Less broad-church, more split-congregation?
In Jeremy Corbyn’s first leadership campaign, Labour party members became heavily accustomed to hearing the phrase ‘Broad-Church’ used to describe the Party, and it seemed an appropriate description. Members of the Labour party are arguably the most diverse of all the major UK political parties, and this has always been something Labour could be proud of and celebrate.
However, as the political fallout from the EU referendum continues, is Labour looking less ‘broach-church’ and more split-congregation?
My religious metaphor is more symbolic than descriptive, but the notion of a schism forming in the Labour party is hard not to accept. The divide takes many forms: north versus south, remain versus leave, old versus young, but most clearly the divide presents between the traditionally rural and industrial regions of the UK versus the prospering and globalised major cities.
Globalisation has been to the advantage of one of those groups more than the other and the defence/rejection of the European Union is reflective of that.
Now these difference are not new and they are not necessarily a bad thing. However, Brexit has thrown the microscope over them in a way never experienced before, and the cracks are beginning to show.
Mr Blair was speaking to a increasingly frustrated group of Labour voters
Tony Blair’s recent speech for Open Britain, the phoenix group formed from the ashes of the ‘Remain’ Campaign, sparked outrage across the country from Labour and Conservative Leave supporters alike and was given the passive aggressive treatment by Jeremy Corbyn, who described it as “not helpful”.
But even those that had their nose put out by it must recognise that Mr Blair was speaking to a increasingly frustrated group of Labour voters. As much as prominent Leave spokespeople like to obsess and repeatedly press the notion of ‘respecting a democratic result’, they are enormously undemocratic in their malice towards the unrelenting Remain voice.
Labour’s infighting, demonstrated perfectly by Mr Blair’s speech, is in danger of undermining the effective scrutiny of our leaving of the EU and could allow Brexit to become the political play-thing of Theresa May’s Conservative government: something it would be best to avoid, for all our sakes.

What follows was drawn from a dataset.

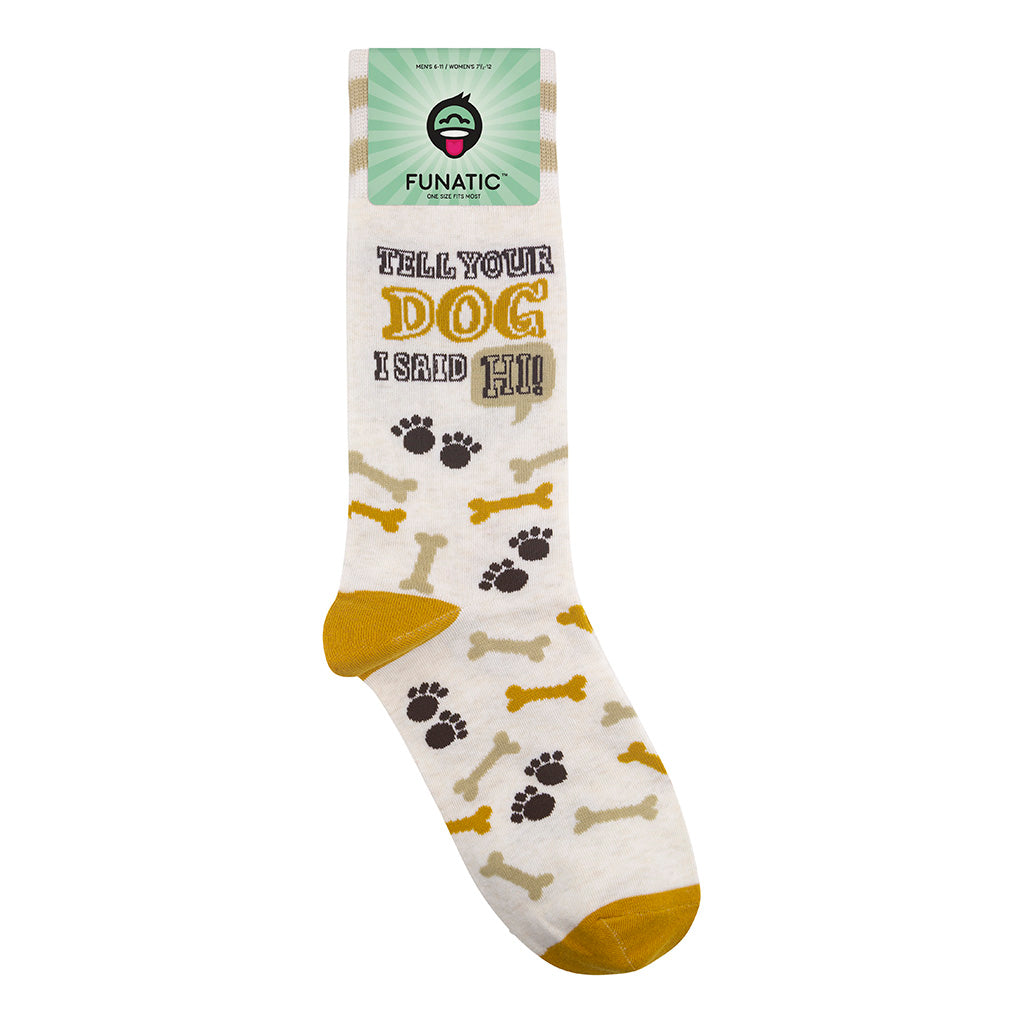 Tell Your Dog I Said Hi Socks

Immigration is the policy area that Labour needs to pay the greatest attention to
Jeremy Corbyn’s election and re-election to Leader of the Labour party led some commentators to suggest that a split in Labour was inevitable and whilst not exactly the same split as the one presented by Brexit, there are enormous overlaps. Social justice and demands for equality were enough to unite 43% of the electorate, across the political spectrum, under Tony Blair in ’97, but it is hard to see a similar election result for Labour in the immediate future. The results in Copeland and Stoke-on-Trent were damaging for the Labour party and pushed British politics into uncharted territory. Are the social and economic divides just too great now?
In many ways, immigration is the policy area that Labour needs to pay the greatest attention to, as it will be the policy area that ultimately determines whether a united Labour party has a future. Yvette Cooper, through the Home Affairs Select Committee, is beginning a long overdue, national conversation and debate, on immigration and I hope to see Labour strongly engage in this.
The EU Referendum was for many, the first real chance to express their preferences on immigration and the results demonstrate the biggest crack of all.
Tom Watson, Labour’s Deputy Leader, whist being interviewed by Sophie Ridgy on Sky, made the bizarre decision to respond to a question on immigration, by suggesting it was unfair to ask what Labour’s stance on immigration was. This, as well as the vague nationwide demand for ‘controls on immigration’, should be regarded as Nigel Farage’s greatest victory.
Politicians left and right know the economic value of immigration and so in order to balance the need to support the UK’s economy and votes for their party, they tread a line of vague soundbites and utopian policy objectives.
Both the best and worst thing for Labour right now, would be a general election
Responses like Tom Watson’s are doing nothing to lay the foundations for a once again strong and united Labour party, neither are claims that Leave voters are uneducated or that Labour MPs that don’t support Corbyn are part of some big coup.
I get the impression that both the best and worst thing for Labour right now, would be a general election. Labour needs policies, it needs a firm position to defend and it needs a universal and aligned party manifesto. Only with these, could the cracks be fixed or, if necessary, pushed into full on separation.
If Labour carries on as it is now, the future is bleak and frustrating and we risk facilitating unopposed Conservative dominance, which may even for a Conservative voter, be a scary prospect.